Teater Manekin: Kritik Industri Kecantikan dari Transpuan Jakarta Barat

Oleh: Labora, Jaqline, dan Samuel.*

SuaraKita.org – Jakarta Barat menjadi saksi hadirnya sebuah ruang seni yang memadukan ekspresi, perjuangan, dan solidaritas: Teater Manekin. Didirikan pada tahun 2012 oleh Mama Atha dan Madam Devi, komunitas teater ini menjadi tempat aman bagi para transpuan untuk berkarya, berteater, dan menyuarakan identitas mereka di tengah stigma sosial yang masih kuat.

Para Mahasiswa program Social Immersion saat berbincang bersama Mama Atha

Nama “Manekin” dipilih dengan filosofi yang mendalam. Menurut pendirinya, manekin adalah simbol keindahan yang tidak bisa dimiliki seutuhnya. Begitu pula dengan para transpuan yang tampil memukau di atas panggung namun tetap berjuang untuk pengakuan hak dan martabat.

“Manekin adalah boneka pajangan. Dipakaikan baju apapun akan tetap terlihat indah. Tapi manekin tak bisa dimiliki seutuhnya. Sama seperti waria, yang bisa tampil luar biasa dalam peran dan kostum apapun.” begitu kata Mama Atha.

Meskipun menghadapi tantangan berat, seperti diskriminasi dan keterbatasan ekonomi, Teater Manekin tetap bertahan. Semua produksi dijalankan secara kolektif dan swadaya. Tidak ada gaji, tetapi ikatan persaudaraan dan semangat untuk berkarya menjadi bahan bakar utama komunitas ini. Pementasan mereka menggabungkan elemen drama dan tari, merepresentasikan keberagaman seni dan ekspresi diri.

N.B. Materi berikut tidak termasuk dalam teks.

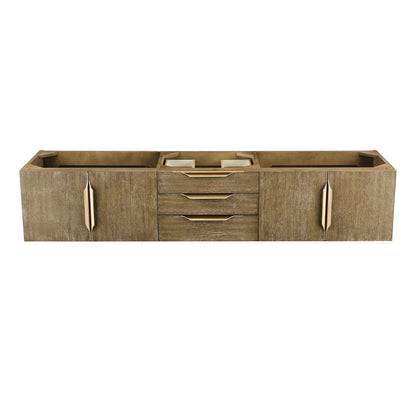 James Martin Vanities Mercer Island 72" Double Vanity - 389-V72D-AGR-G-DGG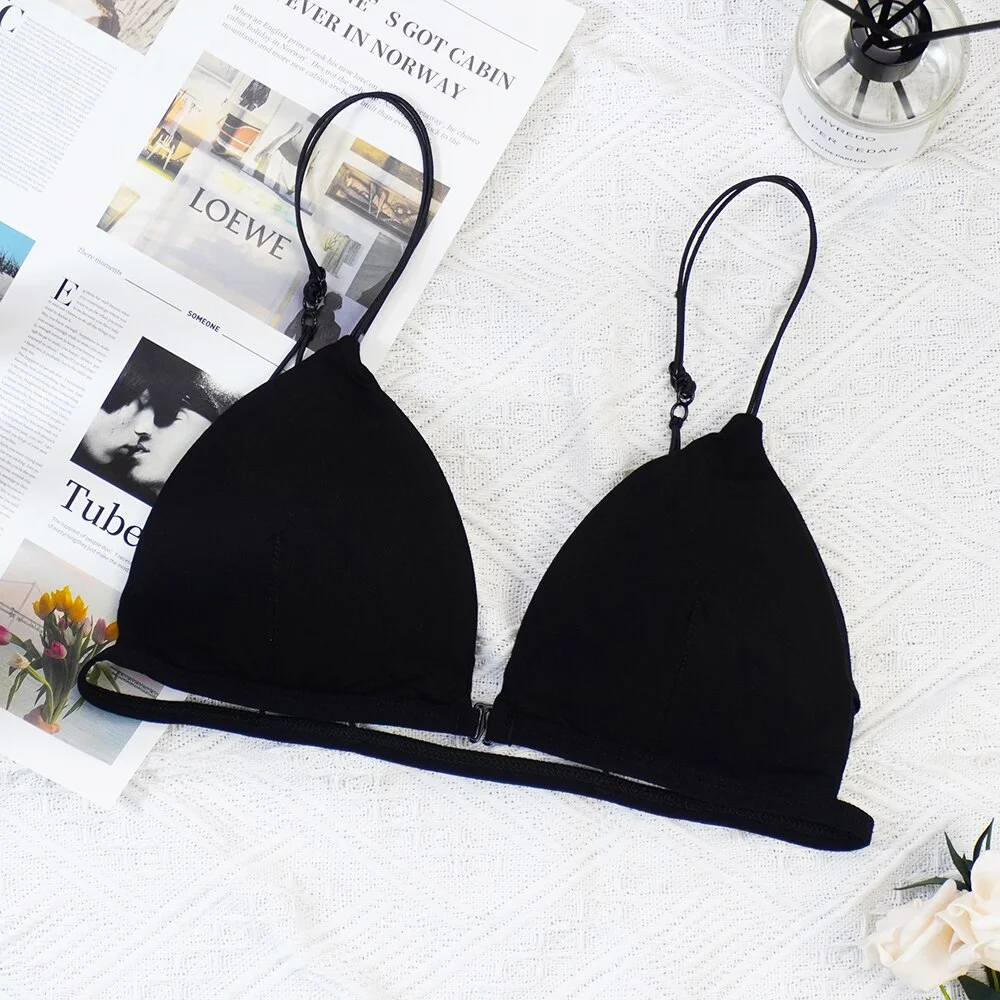 Billionm Seamless Bras Sexy French Front Buckle Tube Top Underwear Woman Sling Triangle Bowl Bra Beauty Vest Wrapped Chest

Madam Devi berperan sebagai Bernadet.

Pada tanggal 13 Juli 2025, Teater Manekin menggelar paraditse di Ikatan Drama Jakarta Barat (Indraja) untuk pertunjukan bertajuk Ruang Rias. Pertunjukan ini mengangkat isu kontemporer tentang iklan skincare yang menyesatkan dan tekanan sosial terhadap penampilan. Lewat pendekatan artistik, mereka menyampaikan kritik sosial yang tajam namun menyentuh.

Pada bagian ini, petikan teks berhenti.